- The Washington Times - Sunday, January 26, 2003

WASHINGTON, Jan. 26 (UPI) — In an effort to detect potential terror trails between al Qaida and Saddam Hussein, the U.S. government is to question up to 50,000 Iraqis living in the United States, the chairman of the Iraqi-American Council told United Press International Sunday.

FBI agents are to fan out across the country and interview tens of thousands of Iraqi-Americans, most of whom have lived here since the 1991 Gulf War, said Aziz al-Taee.

"We are concerned about the consequences," al-Taee told UPI.

Last month the U.S. Immigration and Naturalization Service launched a nationwide program to register, photograph and fingerprint more than 75,000 male nationals, and who are 16 years and older, from more than a dozen Arab and Islamic countries. This edict did not include those holding U.S. citizenship or permanent residence status.

According to the Iraqi-American Council, there are more than 300,000 Iraqis currently living in the United States, many of whom are American citizens or permanent residents — those holding what commonly is referred to as a "green card."

Al-Taee said the government was more interested in those who immigrated here since the 1991 Gulf War.

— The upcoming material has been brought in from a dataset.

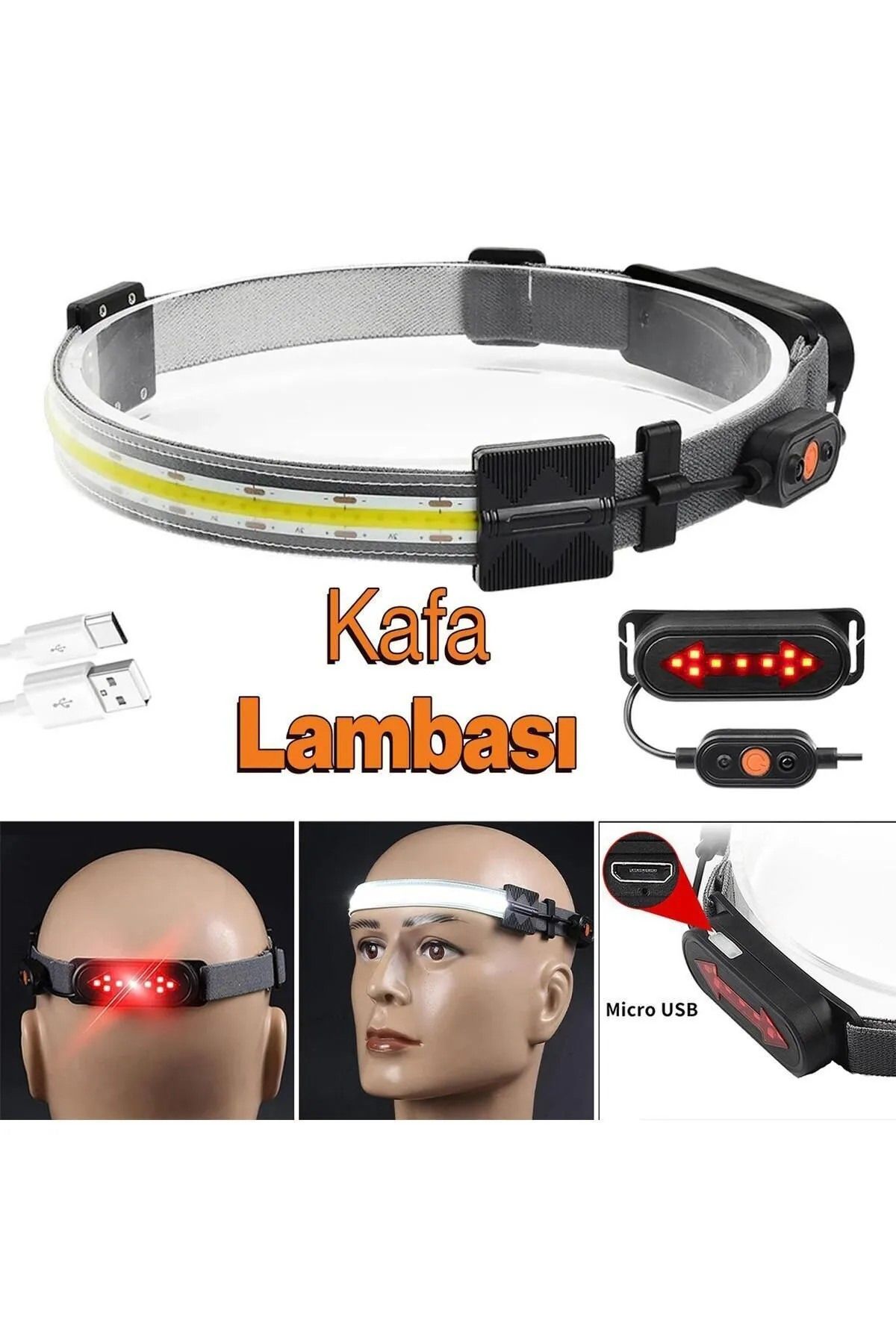 nublado Şarjlı Kafa Lambası Bisiklet Reflektörü Ledli Kamp Kafa Feneri El Feneri 3 Modlu MFT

"I would not be surprised," said a U.S. State Department official about the FBI investigation of Iraqis. Speaking on condition of anonymity, added, "Iraqis would know more about Iraq than anyone else."

"Our position about this is that Iraqi-Americans should not be ethnically targeted," al-Taee said. "We object to the fact that any ethnicity should be targeted."

Similar concerns about Arabs being singled out since the Sept. 11, 2001, terrorist attacks have been voiced by other Arab-American groups in the United States.

Al-Taee told UPI his organization has contacted the Justice Department and voiced its concerns about a possible backlash.

"The average American does not know the difference between a pro- and an anti-Saddam Iraqi," al-Taee said. He said he feared over-zealous law enforcement agents might vent their frustrations on Iraqi-Americans, especially if war with Iraq was to break out.

In conducting these interviews, the U.S. government hopes to uncover potential links between forces loyal to Osama bin Laden's al Qaida network and the Iraqi intelligence service, known as the Mokhabarat.

"The Mokhabarat is not as active in the United States now, as it was in the 1980s," said al-Taee. "They got weaker in the 1990s."

It would not be unusual for Saddam to have tried to infiltrate agents, along with some of the thousands of refugees who have sought safe haven in the United States.

"We know that he does this stuff," the State Department official told UPI.

Al-Taee told UPI he believed Saddam's intelligence services could find sympathizers among the Muslim fundamentalists. Although Saddam started out as an Arab Nationalist, and his Baath Party is founded along non-sectarian and non-religious lines, he recently has shifted closer toward Islam in efforts to rally Muslim fundamentalists closer to his cause. On Saddam's orders, the largest mosque in the world — the Mother of all Battles Mosques — recently was erected in 15 miles outside Baghdad.

"The only thing in common between the fundamentalists and Saddam is their hatred of the United States," al-Taee said.